Bem, isso é o que muita gente pode pensar. Que um indivíduo que até faz determinada música se deve especializar, até de um ponto de vista profissional. Mas, infelizmente, não foi possível fazê-lo. Por exemplo, o meu pai (Artur Paredes) era um amador e tinha o seu emprego. As pessoas nessa época não dependiam da música, no entanto faziam música porque isso lhes dava um prazer pessoal.
Hoje, apesar de tudo, é possível viver em Portugal só da música. Pensou alguma vez nessa possibilidade?
Havia de facto músicos que eram convidados, e havia uma certa retribuição em dinheiro para lhes facilitar a vida. Quer dizer, começavam a ganhar dinheiro suficiente para viver. Mas não foi isso que me sucedeu, ou sucedeu só de vez em quando. Houve, em determinada altura, a Cantar Abril, uma organização semiprofissional em que se passou a fazer contratos. Evidentemente, o dinheiro que se ganhava até dava, por vezes, para resolver problemas económicos. Mas nunca fui muito de receber essa retribuição.
Um amador puro.
Sim, porque se não fosse um amador ninguém me suportava a tocar guitarra.
Acredita de verdade no que está a dizer? Parece ter sempre uma opinião negativa de si próprio e da sua música...
Não, não suportavam... Começavam a sentir a falta daquele espírito amador que faz com que numa plateia se ouça um guitarrista como eu de forma diferente, por exemplo, da de um profissional como o Segóvia.

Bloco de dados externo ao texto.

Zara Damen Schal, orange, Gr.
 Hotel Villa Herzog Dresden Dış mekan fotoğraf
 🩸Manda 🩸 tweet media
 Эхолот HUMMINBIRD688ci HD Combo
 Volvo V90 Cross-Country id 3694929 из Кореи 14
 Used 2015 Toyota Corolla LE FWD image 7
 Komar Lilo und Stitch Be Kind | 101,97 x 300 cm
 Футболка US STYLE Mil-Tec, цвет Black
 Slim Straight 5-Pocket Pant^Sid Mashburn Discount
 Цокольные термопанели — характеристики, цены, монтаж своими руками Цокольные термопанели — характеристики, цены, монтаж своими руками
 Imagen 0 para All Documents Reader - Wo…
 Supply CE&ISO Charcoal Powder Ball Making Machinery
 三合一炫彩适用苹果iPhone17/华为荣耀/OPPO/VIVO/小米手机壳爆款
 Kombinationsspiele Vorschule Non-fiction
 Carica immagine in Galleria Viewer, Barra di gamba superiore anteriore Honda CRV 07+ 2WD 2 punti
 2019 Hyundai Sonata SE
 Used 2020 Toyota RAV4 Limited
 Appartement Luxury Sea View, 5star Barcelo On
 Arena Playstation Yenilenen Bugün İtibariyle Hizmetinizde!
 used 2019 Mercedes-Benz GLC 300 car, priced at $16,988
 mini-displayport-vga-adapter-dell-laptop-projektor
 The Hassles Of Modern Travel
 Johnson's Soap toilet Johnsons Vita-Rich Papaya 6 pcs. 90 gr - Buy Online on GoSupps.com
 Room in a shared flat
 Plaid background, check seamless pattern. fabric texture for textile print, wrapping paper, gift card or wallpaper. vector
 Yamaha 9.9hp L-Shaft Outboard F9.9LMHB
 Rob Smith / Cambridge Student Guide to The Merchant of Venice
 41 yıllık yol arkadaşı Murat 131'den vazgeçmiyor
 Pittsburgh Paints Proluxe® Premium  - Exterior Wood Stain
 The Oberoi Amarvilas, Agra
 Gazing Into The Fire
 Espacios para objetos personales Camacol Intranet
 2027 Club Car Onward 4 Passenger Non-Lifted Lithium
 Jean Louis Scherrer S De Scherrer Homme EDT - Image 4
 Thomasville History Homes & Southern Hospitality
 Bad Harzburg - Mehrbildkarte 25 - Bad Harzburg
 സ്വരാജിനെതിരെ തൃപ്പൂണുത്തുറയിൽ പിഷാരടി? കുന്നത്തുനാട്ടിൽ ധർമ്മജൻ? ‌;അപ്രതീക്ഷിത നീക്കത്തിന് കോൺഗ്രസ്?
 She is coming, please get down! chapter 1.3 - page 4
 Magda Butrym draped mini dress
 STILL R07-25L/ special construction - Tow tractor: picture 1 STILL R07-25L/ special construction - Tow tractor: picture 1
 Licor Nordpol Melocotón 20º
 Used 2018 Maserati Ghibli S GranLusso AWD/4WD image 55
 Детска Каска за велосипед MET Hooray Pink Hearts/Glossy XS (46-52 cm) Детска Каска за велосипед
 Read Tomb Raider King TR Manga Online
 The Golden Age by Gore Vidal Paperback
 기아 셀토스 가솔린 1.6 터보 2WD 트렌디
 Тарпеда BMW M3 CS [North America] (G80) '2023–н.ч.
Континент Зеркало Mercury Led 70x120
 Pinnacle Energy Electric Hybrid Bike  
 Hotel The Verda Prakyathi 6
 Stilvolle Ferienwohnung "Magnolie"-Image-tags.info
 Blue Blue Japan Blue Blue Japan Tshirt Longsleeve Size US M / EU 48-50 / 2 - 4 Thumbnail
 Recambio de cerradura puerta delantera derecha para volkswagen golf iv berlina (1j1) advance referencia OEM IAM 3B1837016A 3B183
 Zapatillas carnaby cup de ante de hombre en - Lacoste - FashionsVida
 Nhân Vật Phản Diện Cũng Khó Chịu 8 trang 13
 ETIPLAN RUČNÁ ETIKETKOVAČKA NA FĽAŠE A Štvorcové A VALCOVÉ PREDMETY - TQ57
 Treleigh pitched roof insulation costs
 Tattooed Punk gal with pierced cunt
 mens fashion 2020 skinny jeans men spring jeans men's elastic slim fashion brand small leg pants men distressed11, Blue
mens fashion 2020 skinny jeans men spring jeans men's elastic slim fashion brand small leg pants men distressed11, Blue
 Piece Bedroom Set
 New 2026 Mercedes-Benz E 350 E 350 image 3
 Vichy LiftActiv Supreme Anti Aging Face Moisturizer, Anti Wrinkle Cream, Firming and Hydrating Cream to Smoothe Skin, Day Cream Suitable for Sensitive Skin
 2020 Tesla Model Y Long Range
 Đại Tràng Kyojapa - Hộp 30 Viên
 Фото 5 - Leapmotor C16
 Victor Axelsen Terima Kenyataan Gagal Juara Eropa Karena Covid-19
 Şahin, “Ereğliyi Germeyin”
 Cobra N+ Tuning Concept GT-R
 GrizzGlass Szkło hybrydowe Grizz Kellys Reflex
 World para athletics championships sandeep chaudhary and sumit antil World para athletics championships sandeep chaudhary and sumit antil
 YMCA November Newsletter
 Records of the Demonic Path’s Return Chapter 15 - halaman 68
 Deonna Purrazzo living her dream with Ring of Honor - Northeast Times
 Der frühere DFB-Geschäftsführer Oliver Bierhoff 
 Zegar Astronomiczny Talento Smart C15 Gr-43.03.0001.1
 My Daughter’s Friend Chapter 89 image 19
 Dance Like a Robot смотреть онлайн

Houve alguma alteração na sua carreira a partir do 25 de Abril?
Não sei como é que os artistas resolvem os seus problemas, se porventura têm a possibilidade de ganhar um tanto por cada recital. E possível que isso lhes dê uma quantia apreciável que lhes permita resolver muitas coisas. Conheço, por exemplo, o caso de um cantor ligeiro que a determinada altura disse: "Preciso de comprar um andar." E comprou.
Mas, no seu caso pessoal, sentiu alguma modificação?
Não. Nunca procurei resolver problemas por esse sistema. Toco guitarra. As pessoas gostam de ouvir. Juntamo-nos. Tocamos. E assim vamos vivendo.